What is needed:
Your answer must be the exact lines below, starting with the line with "brigidandair's tweet photo. B.A.P - Ego" and going on through the line with "#BAP #BangYongguk #Yongguk", both included, with no pictures.

Data for this exercise:
● ● ● ● ● ● ●
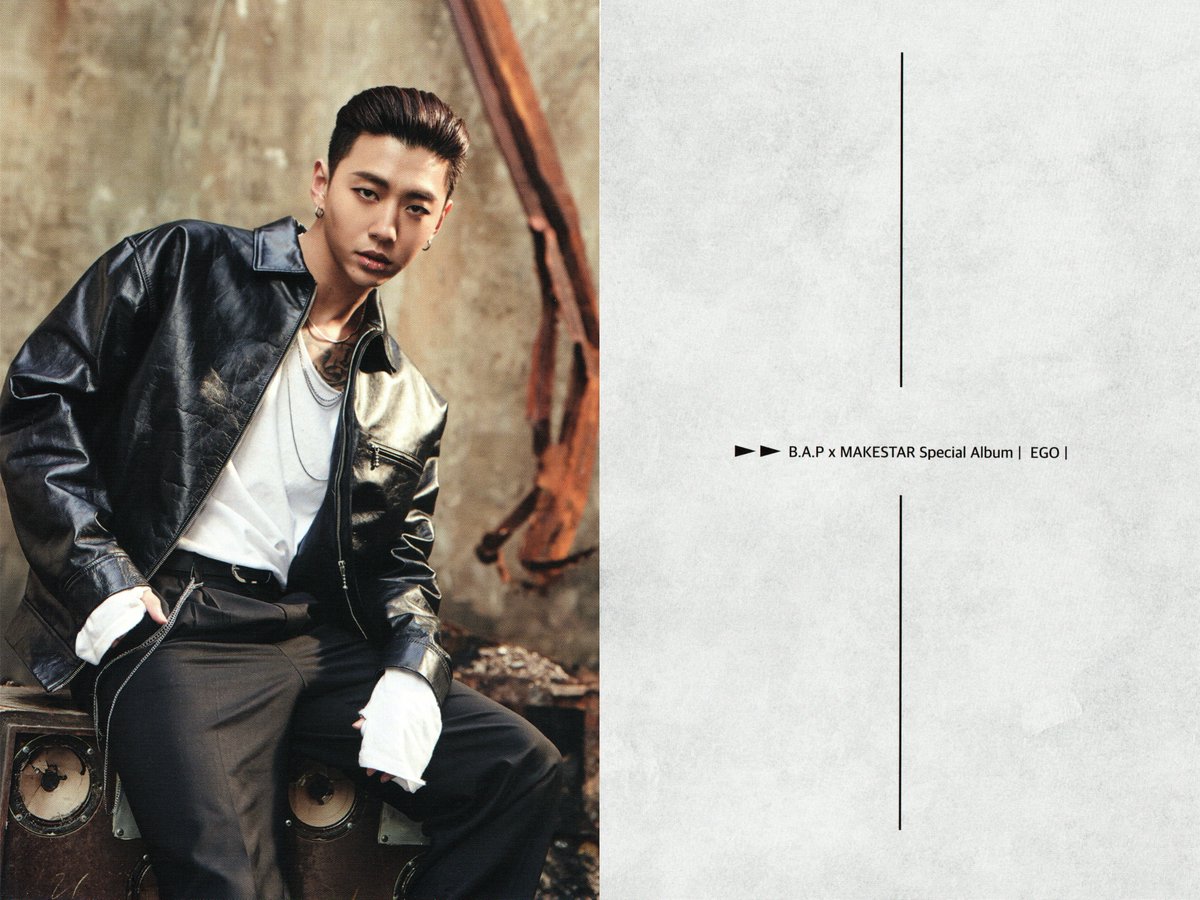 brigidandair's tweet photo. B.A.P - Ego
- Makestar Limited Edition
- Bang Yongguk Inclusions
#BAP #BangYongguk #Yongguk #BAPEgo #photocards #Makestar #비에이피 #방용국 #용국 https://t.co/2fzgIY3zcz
● ● ● ● ● ● ●
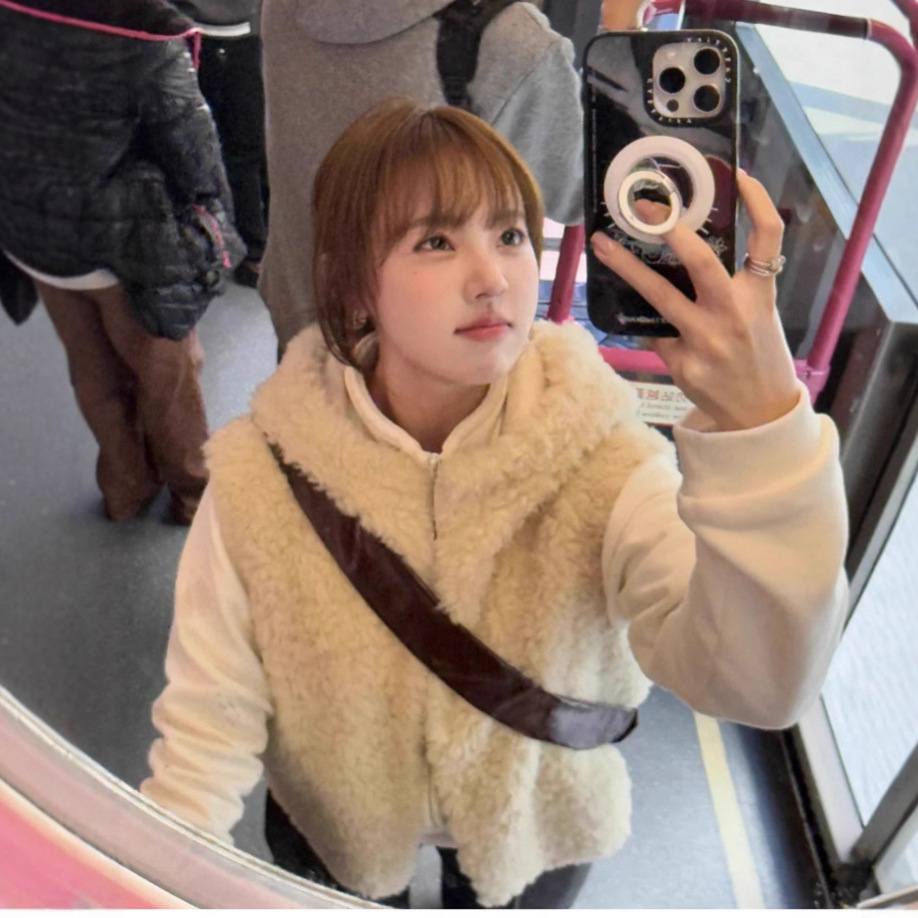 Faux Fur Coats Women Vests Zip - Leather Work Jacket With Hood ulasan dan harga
● ● ● ● ● ● ●
Response for this exercise:
 brigidandair's tweet photo. B.A.P - Ego
- Makestar Limited Edition
- Bang Yongguk Inclusions
#BAP #BangYongguk #Yongguk #BAPEgo #photocards #Makestar #비에이피 #방용국 #용국 https://t.co/2fzgIY3zcz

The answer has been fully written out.